In a recent Bloomberg opinion piece, Karl Smith, professor of economics at the University of North Carolina, concluded that individual homeownership should decline and “America Should Become a Nation of Renters.” This assertion is the opposite of that put forward by San Francisco-based libertarian Robert Wenzel in his book Foundation of Private Property Society Theory: Anarchism for the Civilized Person. In Liberty Nation’s three-part interview with Wenzel, Andrew Moran explored the logical extension of Wenzel’s thesis. As Wenzel explained:
“The idea behind a PPS [Private Property Society] is that there would be a society where people respect private property – all property – specifically land property would be most significant. The idea would be whoever controls the property sets the rules for that property. There are no overriding governments that set the rules.”
Wenzel appears to be solidly in the “possession is nine-tenths of the law” camp. There is support for that point of view in the legal community. In a report for his law firm Fredrikson and Byron, Mark Vyvyon wrote, “While modern courts do not formally observe the ‘nine-tenths of the law’ principle, possession still matters today.”
On the other hand, contrast Wenzel’s perspective with Smith’s notion that:
“Rising real-estate prices are stoking fears that homeownership, long considered a core component of the American dream, is slipping out of reach for low- and moderate-income Americans. That may be so — but a nation of renters is not something to fear. In fact, it’s the opposite. The numbers paint a stark picture. After peaking at 69% in 2004, the homeownership rate fell every year until 2016, when it was 64.3% — its lowest level since the Census Bureau started keeping track in 1984. The rate rebounded in Donald Trump’s presidency, hitting 66% in 2020, but that trend is likely to be arrested by a housing market that is desperately short on supply.”

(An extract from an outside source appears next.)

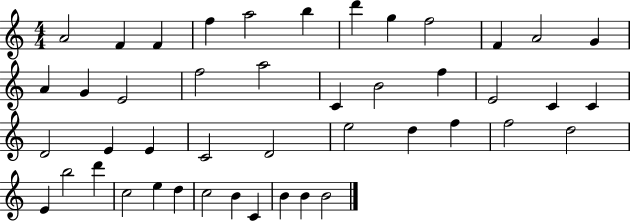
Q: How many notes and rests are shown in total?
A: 45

Smith is saying that owning a house is not a matter of philosophical or political point of view but is driven by market forces. The market has peaks and valleys, and consequently homeownership generally varies between affordable or less affordable. Smith departs from a strict market-pressure home sales model because he asserts that the market will continue to disadvantage first-time or less-affluent home buyers. In other words, Smith discounts what entrepreneurial, creative builders might come up with to make housing more affordable.
Nonetheless, Moran discussed the better home-buying conditions in Austin, TX, that paint a more optimistic picture. “While real estate prices are spiking rapidly, demand is stripping supply and eating away at available inventory for detached and semi-detached properties. Local industry observers forecast that it would take at least two years for the market to catch up to current trends.” People are seeking homeownership, at least in Austin.
As an alternative, Smith recommended single-family housing where “institutional investors enter the housing market” and provide a greater number of houses for rent, arguing that “[l]arge investors can expand or redevelop their properties themselves, because they benefit from a greater number of overall tenants, even if rents themselves dip.” This thinking reduces to “it’s better to have one large, clinically dispassionate landlord owning numerous single-family dwellings rather than individual homeownership.”
Both Wenzel’s and Smith’s perspectives lack a broader grasp of why people want to own property. Wenzel’s notion property ownership is essential for the libertarian social and governmental system to work takes advantage of the first rule of economics, “Imagine a perfect world where my concept works.” For Wenzel’s ideas to be implemented, the whole U.S. economy would require radical restructuring. That is not likely.
Smith’s point of view, on the other hand, may have merit from a clinical economic perspective, but it fails to consider peoples’ desires, dreams, and personal embrace of the idea of “owning your own home.” David Upham, in his award-winning essay “The Primacy of Property Rights and the American Founding,” published by the Foundation for Economic Education in 1998, makes the point: “Private ownership of property provides real power and instills self-reliance and self-government.”
Upham draws on the Founding Fathers’ emphasis on the importance of private property and by extension individual homeownership. He explained, “A reading of the important founding documents, however, shows clearly that the Founders held property rights to be as important as other human rights. In fact, at times they insisted that the right to acquire and possess private property was in some ways the most important of individual rights.”
James Madison made this point in Federalist No. 54, attempting to persuade the people of New York in 1788 to ratify the newly prepared U.S. Constitution. Madison explained, “Government is instituted no less for protection of the property than of the persons, of individuals.”
Additionally, when homeownership is held by a few institutional investors, municipal government mischief is possible. As Jose Backer reported in his Liberty Nation article “One Step Closer to Government Property Seizure?” there is a potential for the city of Los Angeles to “‘commandeer’ private hotels to house the city’s homeless population.” It is not a stretch to imagine a progressive city government seeing rental homes owned by large institutions as “detached modular hotel suites” to be expropriated for whatever purpose. Such local government overreach would be unlikely with individually privately owned homes.
Homeownership is not the answer for every American. Property ownership should not be mandated, as Wenzel would advocate. Nor should renting a house be the preferred billeting solution for all Americans as Smith advises. Let the market rule.
The views expressed are those of the author and not of any other affiliation.